To find the height of the tower from which a body is dropped, we can follow these steps: ### Step-by-Step Solution: 1. **Understanding the Problem**: - A body is dropped from the top of a tower and falls through a distance of 40 m during the last 2 seconds of its fall. - We need to find the height of the tower (h) given that the acceleration due to gravity (g) is 10 m/s². 2. **Using the Equation of Motion**: - The distance fallen by the body can be described using the equation of motion: \[ s = ut + \frac{1}{2} a t^2 \] - Here, \( s \) is the distance fallen, \( u \) is the initial velocity (which is 0 since the body is dropped), \( a \) is the acceleration due to gravity (g), and \( t \) is the total time of fall. 3. **Setting Up the Equation for Total Fall**: - Since the initial velocity \( u = 0 \), the equation simplifies to: \[ h = \frac{1}{2} g t^2 \] - This will be our Equation (1). 4. **Distance Fallen in the Last 2 Seconds**: - The distance fallen in the last 2 seconds can be expressed as: \[ s_{last\ 2\ seconds} = s(t) - s(t-2) \] - We know this distance is 40 m.

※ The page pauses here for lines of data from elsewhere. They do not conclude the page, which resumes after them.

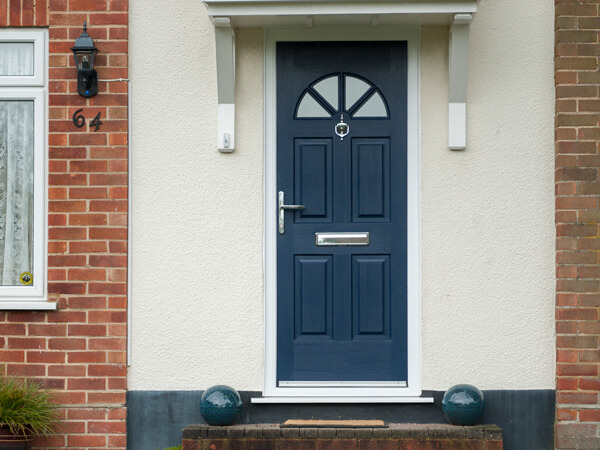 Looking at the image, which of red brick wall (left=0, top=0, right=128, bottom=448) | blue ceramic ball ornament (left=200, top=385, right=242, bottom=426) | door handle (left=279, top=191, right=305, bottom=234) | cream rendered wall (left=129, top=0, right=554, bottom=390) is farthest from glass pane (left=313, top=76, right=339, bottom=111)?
blue ceramic ball ornament (left=200, top=385, right=242, bottom=426)

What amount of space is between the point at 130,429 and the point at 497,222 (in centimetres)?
286

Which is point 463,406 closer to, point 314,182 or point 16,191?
point 314,182

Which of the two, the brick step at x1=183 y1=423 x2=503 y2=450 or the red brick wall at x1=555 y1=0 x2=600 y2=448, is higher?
the red brick wall at x1=555 y1=0 x2=600 y2=448

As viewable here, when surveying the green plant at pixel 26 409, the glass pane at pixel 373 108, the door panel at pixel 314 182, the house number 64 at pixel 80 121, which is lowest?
the green plant at pixel 26 409

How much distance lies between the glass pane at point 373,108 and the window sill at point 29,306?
2447 millimetres

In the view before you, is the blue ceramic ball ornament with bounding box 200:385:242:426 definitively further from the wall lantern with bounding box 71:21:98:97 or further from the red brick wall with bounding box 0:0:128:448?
the wall lantern with bounding box 71:21:98:97

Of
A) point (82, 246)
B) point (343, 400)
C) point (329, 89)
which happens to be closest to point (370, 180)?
point (329, 89)

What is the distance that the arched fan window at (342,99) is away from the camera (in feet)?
18.2

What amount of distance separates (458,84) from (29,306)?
10.7 feet

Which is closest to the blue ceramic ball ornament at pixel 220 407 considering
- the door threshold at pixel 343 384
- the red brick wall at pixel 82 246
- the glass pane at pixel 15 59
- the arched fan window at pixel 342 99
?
the door threshold at pixel 343 384

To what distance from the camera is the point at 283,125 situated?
18.2 feet

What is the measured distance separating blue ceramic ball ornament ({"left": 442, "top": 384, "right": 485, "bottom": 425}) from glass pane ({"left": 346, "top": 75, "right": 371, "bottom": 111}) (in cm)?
209

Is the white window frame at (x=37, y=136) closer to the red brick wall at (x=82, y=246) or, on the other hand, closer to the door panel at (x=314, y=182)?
the red brick wall at (x=82, y=246)

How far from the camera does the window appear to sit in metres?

Therefore: \[ s(t) - s(t-2) = 40 \] 5. **Calculating Distances**: - Using the equation of motion for both \( s(t) \) and \( s(t-2) \): \[ s(t) = \frac{1}{2} g t^2 \] \[ s(t-2) = \frac{1}{2} g (t-2)^2 \] - Substitute these into the distance equation: \[ \frac{1}{2} g t^2 - \frac{1}{2} g (t-2)^2 = 40 \] - Factoring out \( \frac{1}{2} g \): \[ \frac{1}{2} g \left( t^2 - (t^2 - 4t + 4) \right) = 40 \] - Simplifying gives: \[ \frac{1}{2} g (4t - 4) = 40 \] - Rearranging leads to: \[ 2g(t - 1) = 40 \] 6. **Solving for Time (t)**: - Substitute \( g = 10 \): \[ 20(t - 1) = 40 \] - Dividing both sides by 20: \[ t - 1 = 2 \implies t = 3 \text{ seconds} \] 7. **Finding the Height of the Tower**: - Now substitute \( t = 3 \) back into Equation (1): \[ h = \frac{1}{2} g t^2 = \frac{1}{2} \times 10 \times 3^2 = \frac{1}{2} \times 10 \times 9 = 45 \text{ m} \] ### Final Answer: The height of the tower is **45 meters**. ---